Dear Dr B,
My husband lost his mother last month. He doesn’t talk about it, even when I ask. And I know he hasn’t talked with his father or siblings. Is there something wrong?
With your husband just losing his mother last month, what you are describing is a normal grief reaction. But even that statement is a bit of a paradox, because when it comes to grief, there is almost no “normal” per se, because everyone grieves in their own way, at their own pace.
Often, men are less expressive in their emotions to begin with, and sometimes less verbal. What you may see is an exacerbation of a person’s normal personality style but to a greater extreme during a period of grief. Those who tend to be less verbal or less emotional to begin with, may withdraw into themselves even more. On the other hand, those who are more talkative normally, may want to talk more to express their grief.

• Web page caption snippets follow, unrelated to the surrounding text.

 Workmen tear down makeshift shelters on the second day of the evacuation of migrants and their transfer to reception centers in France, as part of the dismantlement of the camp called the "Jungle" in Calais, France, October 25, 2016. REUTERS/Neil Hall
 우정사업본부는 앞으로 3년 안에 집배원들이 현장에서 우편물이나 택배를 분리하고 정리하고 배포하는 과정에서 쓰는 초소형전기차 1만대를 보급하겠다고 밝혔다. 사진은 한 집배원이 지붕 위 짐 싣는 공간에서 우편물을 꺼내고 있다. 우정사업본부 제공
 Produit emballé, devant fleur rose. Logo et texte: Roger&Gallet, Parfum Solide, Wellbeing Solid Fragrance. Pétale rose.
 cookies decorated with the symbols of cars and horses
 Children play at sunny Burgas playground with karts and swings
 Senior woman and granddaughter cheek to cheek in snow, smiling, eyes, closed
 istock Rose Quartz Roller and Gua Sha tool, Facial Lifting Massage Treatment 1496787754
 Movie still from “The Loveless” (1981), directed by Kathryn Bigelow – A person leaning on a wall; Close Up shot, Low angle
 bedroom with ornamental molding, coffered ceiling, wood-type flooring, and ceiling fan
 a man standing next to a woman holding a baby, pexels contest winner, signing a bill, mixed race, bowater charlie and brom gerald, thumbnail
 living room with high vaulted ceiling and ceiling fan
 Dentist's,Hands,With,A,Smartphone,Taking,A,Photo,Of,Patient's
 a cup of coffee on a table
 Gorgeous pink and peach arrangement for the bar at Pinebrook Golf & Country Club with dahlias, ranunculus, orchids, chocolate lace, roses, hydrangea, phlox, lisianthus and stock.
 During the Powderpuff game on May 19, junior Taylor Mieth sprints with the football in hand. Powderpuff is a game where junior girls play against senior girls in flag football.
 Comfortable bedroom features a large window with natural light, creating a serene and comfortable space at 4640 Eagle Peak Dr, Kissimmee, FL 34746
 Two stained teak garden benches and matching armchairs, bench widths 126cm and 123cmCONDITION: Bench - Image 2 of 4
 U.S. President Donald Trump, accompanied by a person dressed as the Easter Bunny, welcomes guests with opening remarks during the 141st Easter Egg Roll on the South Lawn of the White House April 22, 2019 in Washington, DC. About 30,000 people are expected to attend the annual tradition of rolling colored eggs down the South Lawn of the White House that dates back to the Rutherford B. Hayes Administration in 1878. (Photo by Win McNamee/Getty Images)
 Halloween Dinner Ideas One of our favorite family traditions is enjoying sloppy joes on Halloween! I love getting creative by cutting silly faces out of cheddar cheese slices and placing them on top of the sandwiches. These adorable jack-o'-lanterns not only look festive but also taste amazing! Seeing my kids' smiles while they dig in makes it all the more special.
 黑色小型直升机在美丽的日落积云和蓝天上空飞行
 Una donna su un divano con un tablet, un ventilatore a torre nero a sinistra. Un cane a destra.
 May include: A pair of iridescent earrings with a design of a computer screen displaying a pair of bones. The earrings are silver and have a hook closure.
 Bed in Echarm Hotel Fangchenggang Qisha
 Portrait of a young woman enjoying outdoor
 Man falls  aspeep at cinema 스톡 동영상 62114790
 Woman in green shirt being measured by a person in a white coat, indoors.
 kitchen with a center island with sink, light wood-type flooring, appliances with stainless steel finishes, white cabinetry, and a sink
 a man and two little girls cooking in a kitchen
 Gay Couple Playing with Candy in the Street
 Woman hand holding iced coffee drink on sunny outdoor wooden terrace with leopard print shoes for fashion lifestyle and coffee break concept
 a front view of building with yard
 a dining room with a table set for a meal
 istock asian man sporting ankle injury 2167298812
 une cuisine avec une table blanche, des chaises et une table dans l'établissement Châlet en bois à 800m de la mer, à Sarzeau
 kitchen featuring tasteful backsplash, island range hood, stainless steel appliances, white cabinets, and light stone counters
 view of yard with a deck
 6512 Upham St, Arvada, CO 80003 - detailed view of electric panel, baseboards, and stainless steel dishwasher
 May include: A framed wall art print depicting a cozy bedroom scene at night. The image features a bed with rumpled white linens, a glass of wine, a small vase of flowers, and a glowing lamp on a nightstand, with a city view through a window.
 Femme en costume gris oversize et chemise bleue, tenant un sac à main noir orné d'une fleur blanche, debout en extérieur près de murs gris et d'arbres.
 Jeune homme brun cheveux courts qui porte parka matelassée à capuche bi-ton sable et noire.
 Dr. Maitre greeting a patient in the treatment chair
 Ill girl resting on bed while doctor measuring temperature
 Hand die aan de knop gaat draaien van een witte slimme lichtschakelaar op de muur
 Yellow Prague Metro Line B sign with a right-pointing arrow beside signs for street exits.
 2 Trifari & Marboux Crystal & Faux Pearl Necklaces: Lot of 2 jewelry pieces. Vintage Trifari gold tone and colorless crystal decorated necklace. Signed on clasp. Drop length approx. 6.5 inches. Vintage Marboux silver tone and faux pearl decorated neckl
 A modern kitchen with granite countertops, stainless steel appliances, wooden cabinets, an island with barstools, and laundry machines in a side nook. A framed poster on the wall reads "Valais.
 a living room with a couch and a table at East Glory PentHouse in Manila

The best thing you can do to be supportive of your grieving husband is to be responsive to his needs during this time.
He may just want your quiet presence so he doesn’t feel alone.
If you’re able, he may enjoy hearing the good memories you have of times spent with his mother.
He may be responsive to your physical touch just letting him know you care.
Your husband may need your permission to break down and cry, in order to not feel guilty sharing those more vulnerable emotions if he is more accustomed to being the emotional rock for the family.
I’d recommend that you pray with and for your husband and the rest of his family. Pray that God would comfort him, and hide him in the shadow of His wing.
Loss, death, and grieving can often bring about conflict, bitterness, resentment, and greed. Pray that if there is any bitterness, resentment or unforgiveness there, that the kindness of the Lord would bring them to repentance. Forgiveness is not about finding the other person faultless, but about leaving another’s wrong doings up to God to manage.
In my personal and professional experience, I have found that many friends and family are very supportive immediately following a death but unfortunately, all too frequently, after the funeral life goes on for others while the grieving are left alone in their grief.
I’d encourage you not to make the mistake of thinking that there is a prescribed time table for grief. While it’s usually most intense in the first couple of months following a loved one’s death, it can continue for months and years after. Many of the initial “firsts” can bring about a fresh wave of grief: the first birthday after a death, first Mother’s Day, Father’s Day, Thanksgiving, Christmas, Easter, anniversary of the death, etc.
Not only do I recommend that you pray for and with your spouse, but I’d also encourage you to pray for wisdom and God’s direction about how to best support your spouse through this time. The Holy Spirit knows exactly what he needs and when. The Bible tells us,
“If any of you lacks wisdom, you should ask God, who gives generously to all without finding fault,
and it will be given to you” (James 1:5).
If your husband’s emotional well-being does not begin to improve after several months, you might lovingly and prayerfully consider suggesting that he speak with a grief-counselor, pastor, or physician to ensure that his grief has not led into a more significant condition requiring additional assistance.
I know it is so very hard to watch our loved ones suffer. Entrust Him into your Heavenly Father’s good care. He promises in Isaiah 61:3 to “bestow on them a crown of beauty instead of ashes, the oil of joy instead of mourning, and a garment of praise instead of a spirit of despair.”